Kurs EUR/USD rośnie 3. kolejny dzień, odreagowując spadki z piątku i poniedziałku, wywołane m.in. bardzo dobrymi piątkowymi danymi z rynku pracy w USA. I jakkolwiek ten zwrot w górę na eurodolarze miał miejsce z poziomu linii hossy łączącej dołki z września 2022 roku i października 2023 roku, to póki co jest jeszcze zbyt słaby, żeby uznać go za trwały. Na tę chwilę to tylko zwykła wzrostowa korekta, po zakończeniu której powinien zostać przeprowadzony kolejny atak na wspomnianą linię hossy. Jeżeli on się powiedzie to eurodolar szybko spadnie w okolicę 1,06.
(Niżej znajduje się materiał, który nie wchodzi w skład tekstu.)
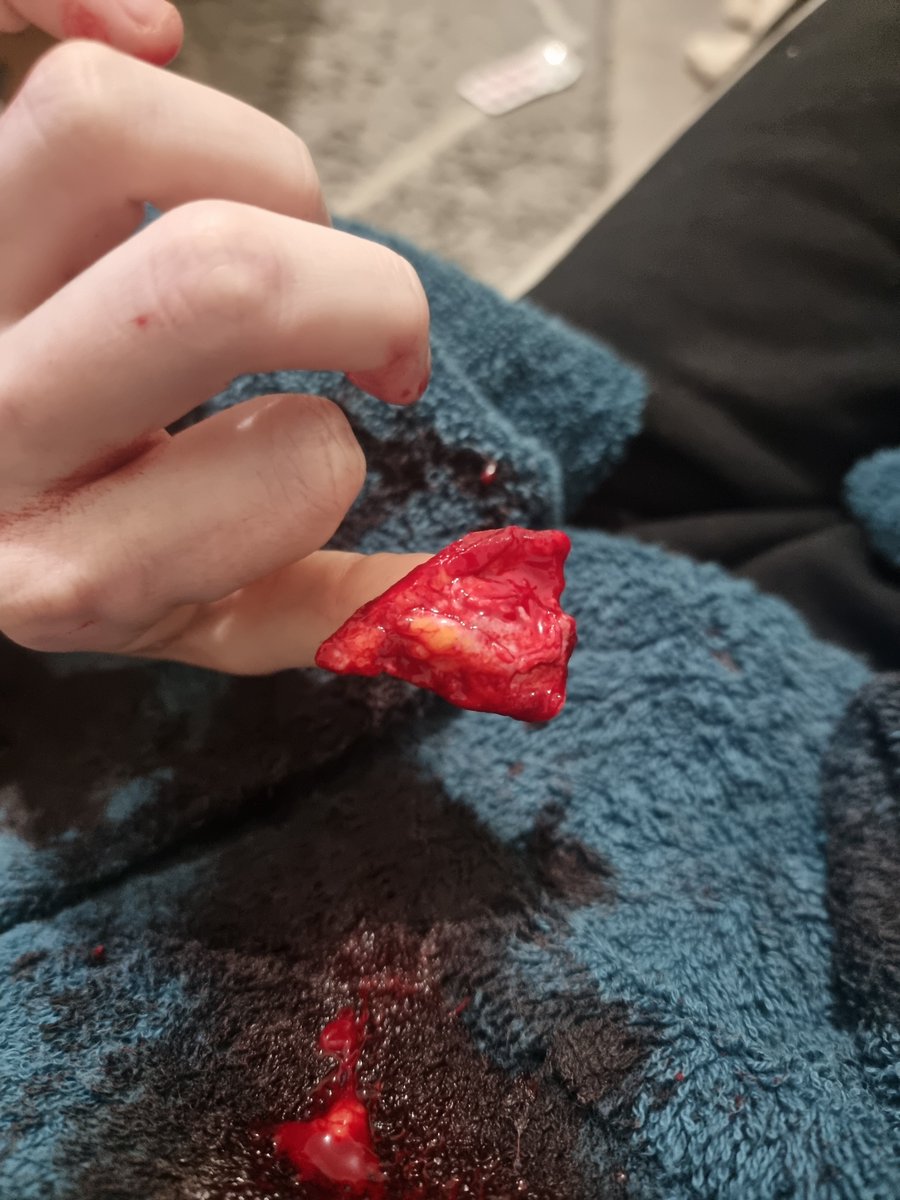 UnimportantLurk's tweet photo. Halloween makeup , certainly not real , definitely sfx . https://t.co/hvoYhGVK8I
Układ sił na wykresie dziennym EUR/USD uległby zmianie dopiero z chwila powrotu kursu powyżej 1,0830, gdzie podwójny opór tworzy połowa długiej spadkowej świecy z piątku i 200-sesyjna średnia. Wtedy ryzyko przebicia w najbliższym czasie opisanej linii hossy znacząco by spadło. Jednocześnie sam powrót powyżej 1,0830 nie będzie jeszcze zapowiedzią powrotu EUR/USD do wzrostów. Tak stałoby się dopiero w momencie wybicia górą z ponad miesięcznego kanału spadkowego, którego górne ograniczenie znajduje się teraz na poziomie 1,0855, potwierdzone następnie przez przebicie 50-dniowej średniej (1,0890).